I found jotting down 10 things I know about phenomenology a helpful exercise for consolidating and summarizing knowledge of a central approach in embodiment research. Over the last few weeks, I have repeatedly come across the term ‘Somaesthetics’ in relation to embodiment and have done some preliminary reading on the term. In an effort to make sense of the fledgling understanding I’ve gained, I decided to try the ’10 things I know’ approach again. Without looking at books, notes or papers, I scribbled down the following:
1. Somaesthetics is an emerging discipline primarily proposed by Richard Shusterman, who argues for it to sit within Philosophy, and more specifically the philosophical sub-discipline of Aesthetics.

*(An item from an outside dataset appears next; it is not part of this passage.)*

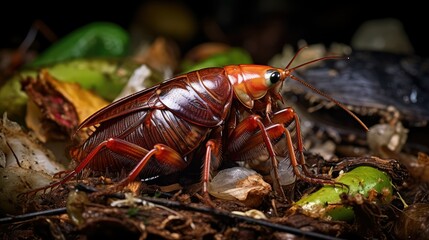 garbage brown cockroach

2. Somaesthetics as a discipline foregrounds the role of bodily experience in aesthetic appreciation. Shusterman argues that it will offer a more substantial and systematic framework for research on the body.
3. Somaesthetics comprises three branches: Analytic somaesthetics; Pragmatic somaesthetics; Practical somaesthetics
4. Analytic somaesthetics comprises interpretive studies of bodily practice. These occur on a theoretical level and would include research linking the body and bodily practices with the organization of society and the individual psyche. Shusterman argues that the work of Foucault, Bourdieu and Merleau-Ponty would all constitute analytic somaesthetics.
5. Pragmatic somaesthetics comprises bodies of thought that suggest ways of training or harnessing bodily experience. Practices such as Tai Chi and the Alexander Technique are accompanied by ideas and theories of the body and these would belong to this branch of pragmatic somaesthetics.
6. Practical somaesthetics consists of the practice itself – the Tai Chi, or the yoga, or the Alexander Technique. It is not entirely clear which bodily practices Shusterman chooses to accept within practical somaesthetics. He seems to place less value on athletics or football, and much more on solitary practices that reference bodily understanding more explicitly.
7. In foregrounding the body in aesthetic experience, Shusterman argues that a distinction needs to be drawn between representational foregrounding and experiential foregrounding. In the former, the body is seen and treated as an external object. In the latter, the body is a fundamental part or vehicle of lived experience.
8. Critiques of somaesthetics include the linking of the discipline to normative approaches to the body. Somaesthetics places a value on the physical cultivation of the body and this is reminiscent of doctrines that treat the body as an object to be molded into a form that conforms to the social ideal.
9. Shusterman’s response to this critique rests on the distinction he makes between representational and experiential foregrounding of the body. Thus, he argues that cultivating the body as it is experienced (rather than as it is represented) does not relate to social norms, but rather to the improvement of individual perception and action.
10. Shusterman advocates that there is a role for somaesthetics in education since it enables us to ‘feel better’ in both senses of the phrase. Cultivating bodily practices heightens our sensations and perceptions of the world around us; they also encourage us to be more in control and more caring of the self.
The combination of theoretical and practical approaches to the body certainly makes the discipline of somaesthetics an interesting prospect, but I am left with questions about the possibility and worth of trying to merge these perspectives. Shusterman’s framework makes such a sharp and convincing distinction between analytic, pragmatic and practical somaesthetics, that it isn’t clear how it draws these together at all. How are Foucault’s theories of the body related to the theory or practice of yoga? How can somaesthetics help us to access this relationship? Is this a relationship that should exist given how different the objectives related to each project are? Certainly, I believe that theorists of the body can learn much from bodily practices and practitioners who work with the body, but what is the benefit of binding them together in a single discipline?
Shusterman, R. (2008) Body consciousness: A philosophy of mindfulness and somaesthetics. Cambridge: Cambridge University Press.
Shusterman, R. (2006) Thinking through the body, educating for the humanities: A plea for somaesthetics. The journal of aesthetic education, 40(1), 1-21.